Su mayor molestia en Pôrto Velho era la falta de información. Todo lo que sabía era que Astourde y Musgrove parecían trabajar para el gobierno estadounidense, poseían la fotografía de un avión desconocido y estaban pidiendo y comprando varias toneladas de equipo como tiendas y alimentos. A tal desasosiego más bien abstracto, y el consecuente aburrimiento de haraganear sin motivo en una población fluvial sudamericana, había que sumarle las ligeras impresiones de desorientación que estaba experimentando.

Aparte de esto, sus días en Pôrto Velho transcurrían con bastante comodidad. Musgrove era el peor tipo de compañero (nunca ofrecía información voluntariamente y pocas veces la daba cuando se le requería) pero la habitación del hotel era aceptable y la libertad personal de Wentik, relativamente grande. Sólo al preguntar a Musgrove cuándo volvería a Washington, el individuo reveló un rasgo amenazante.

—Usted no irá allá —dijo, sin mirar directamente a Wentik—. Nunca. Ni Astourde.

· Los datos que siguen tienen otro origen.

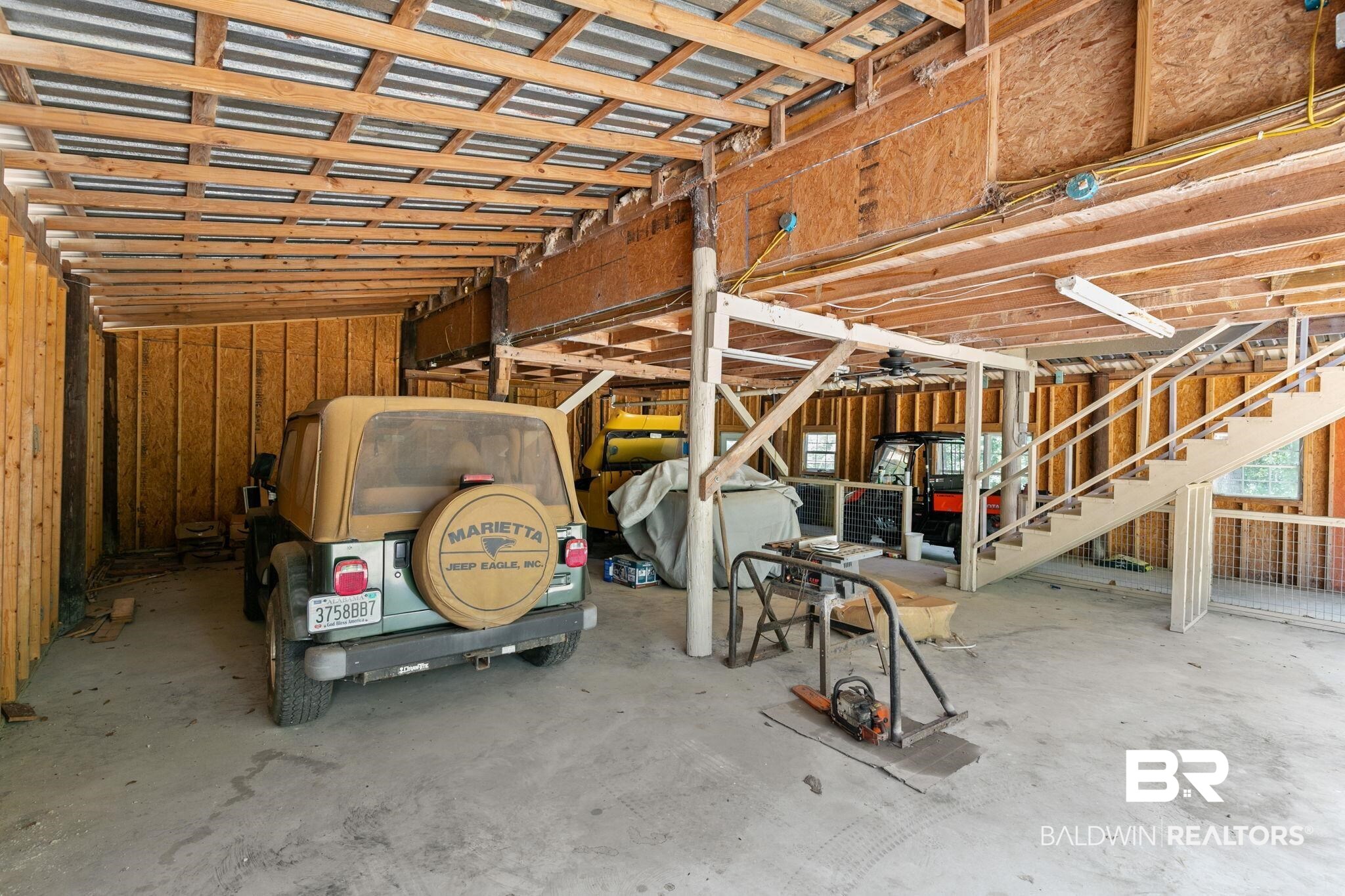 3470 Bellfork Road Atmore, AL 36502 - Photo 46 of 74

El día posterior a su llegada, Wentik escribió una carta al senador McDonald, que era presidente del Subcomité de Apropiaciones Investigativas que había llevado los asuntos de la Concentración. Declaró con exactitud lo que le había sucedido y pidió una explicación. Escribió todo lo que sabía sobre Astourde y Musgrove (que no era mucho) y manifestó al senador que se estaban preparando para un viaje cuyo destino desconocía. Terminó con una solicitud urgente de respuesta inmediata.

Se las arregló para echar la carta en una plaza pública sin que Musgrove lo advirtiera, y con este logro se sintió más seguro al instante.

Sólo más tarde, cuando los días iban pasando y la respuesta no llegaba, volvieron sus recelos.

Wentik oyó que el motor diesel en la plaza de abajo de repente aceleró y después quedó en silencio tras un relincho.

Bruscamente, con su acostumbrado desprecio por la intimidad, Musgrove entró a trompicones en la habitación. Se acercó a la cama y contempló fijamente a Wentik a través de la mosquitera.

—Nos vamos —dijo con sequedad—. Aquí hay una maleta para sus cosas. Meta lo menos que pueda y luego baje a la calle. Lo estamos esperando.

Wentik se vistió con rapidez y, al mirar por la ventana, vio que Musgrove hablaba con un grupo de una veintena de hombres. Iban vestidos de color gris, como Musgrove, sin insignia alguna, no obstante lo cual el atuendo tenía el aspecto inconfundible de un uniforme. Cualquiera que fuese el objetivo de las ropas, eran totalmente inadecuadas para el clima.

Mientras Wentik observaba, los hombres cargaron algunas cajas en un autocamión diesel de elevados laterales.

Wentik bajó a la calle y se reunió con los otros. Los hombres, que obviamente lo veían por primera vez, lo examinaron con franca curiosidad. Musgrove les dijo algo incoherente y todos subieron a la parte trasera del camión con el equipo. Musgrove miró agriamente a Wentik.

—¿Está listo? —preguntó.

Wentik asintió y entonces ambos subieron a la cabina frontal, donde el conductor ya estaba sentado.

Wentik se encontró en medio de la cabina entre Musgrove y el conductor, sentado en la envoltura interior del motor, con las piernas a horcajadas sobre la caja de cambios. Musgrove encendió un cigarrillo envuelto en papel negro y el humo, que olía a demonios, flotó hacia el rostro de Wentik.

El conductor apoyó el codo en el marco de la ventanilla abierta mientras se deslizaban lentamente por las polvorientas calles. Sólo eran las ocho en punto de la mañana.

Se detuvieron a la orilla del río y Musgrove entró en la oficina de la compañía de transbordadores. En cuestión de minutos, el motor del anticuado aerodeslizador fue puesto en marcha y eran transportados por el río hacia la deshabitada ribera meridional. Allí, la rampa que se alzaba desde el agua conducía a una desierta carretera abierta entre la jungla. Mientras el camión se alejaba, el transbordador osciló graciosamente en una nube de rocío blanco al volver a cruzar el río en dirección a la ciudad.

La carretera se dirigía al sur de Pôrto Velho, en una negra línea recta a lo largo de la llanura.

—¿A dónde lleva esta carretera? —preguntó Wentik.

—A Bolivia —respondió secamente Musgrove—. No la seguiremos mucho trecho.